Nestlé adds sugar to baby food in poorer countries; report

Nestlé adds sugar to baby food in poorer countries; report

Two of the best-selling baby-food brands marketed by Nestlé in low-and middle-income countries contain high levels of added sugar, a new report has found. But the same products are sugar free in Germany, France and the UK – Nestlé’s main European markets, as well as in Switzerland – Nestlé’s home country. These are the findings of an investigation led by Swiss NGO Public Eye and the International Baby Food Action Network (IBFAN) – they say the Swiss food giant is getting kids in low-income countries hooked on sugar.

“Our investigation shows that, for Nestlé, not all babies are equal when it comes to added sugar,” they said in their report, adding that the “harmful double standard” contributes to the rise of obesity and leads children to develop a life-long preference for sugary products.

Campaigners from Public Eye sent samples of Nestlé’s baby-food products sold in Africa, Asia and Latin America to a Belgian laboratory for testing.

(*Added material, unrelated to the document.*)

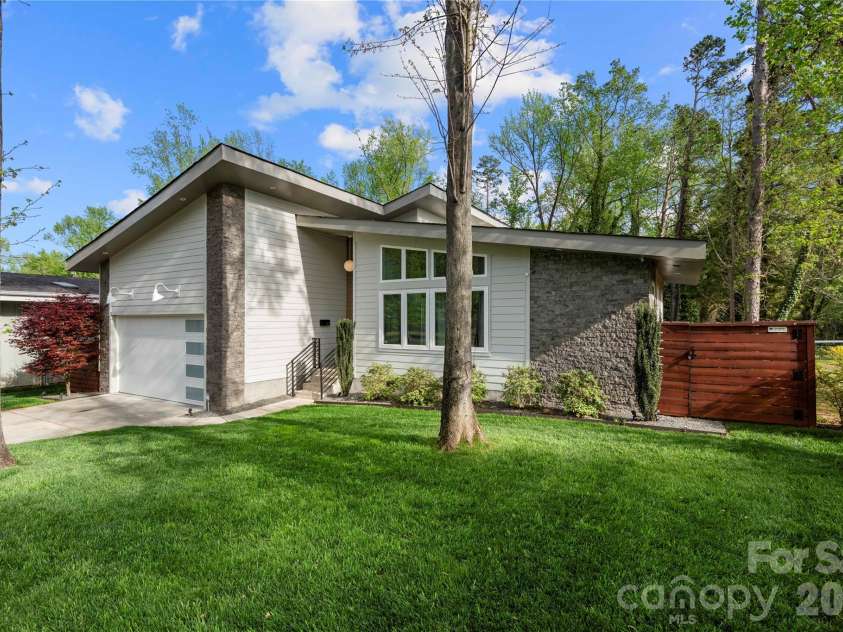 1852 Lakedell Drive, Charlotte, NC 28215.  MLS# CAR4365879, YatesRealty ID 26675.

They found that most Cerelac and Nido products marketed in lower-income countries do contain added sugar, “often at high levels.”

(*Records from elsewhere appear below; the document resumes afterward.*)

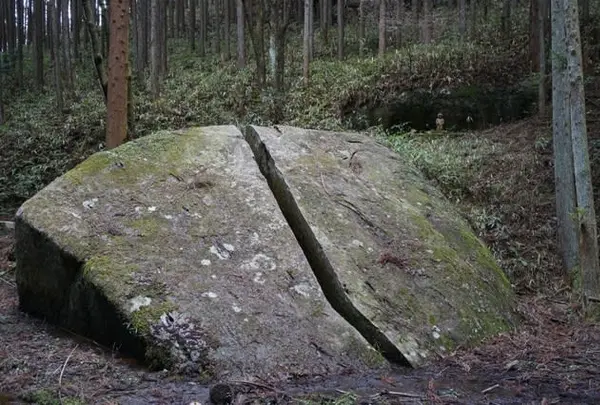 天乃石立神社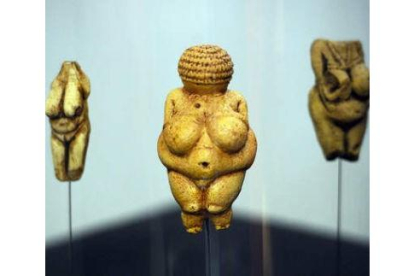 Tres Venus prehistóricas de la exposición.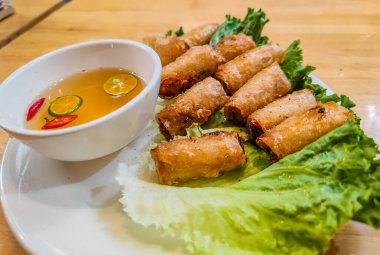 Yerel bir Vietnam sokak lokantasında soslu kızarmış börek. Otantik Vietnam sokak yemekleri, Vietnam mutfağı.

In Switzerland, Nestlé promotes its biscuit-flavoured cereals for babies aged from six months with the claim “no added sugar,” while in Senegal and South Africa, Cerelac cereals with the same flavour contain 6 grams of added sugar per serving, according to Public Eye. Cerelac wheat-based cereals for six-month-old babies sold by Nestlé in Germany and the UK has no added sugar, while the same product contains over 5 grams per serving in Ethiopia and 6 grams in Thailand.

Public Eye said Nestlé did not respond to their specific questions regarding the double standard, but said it “has reduced by 11% the total amount of added sugars in [its] infant cereal portfolio worldwide” over the past decade.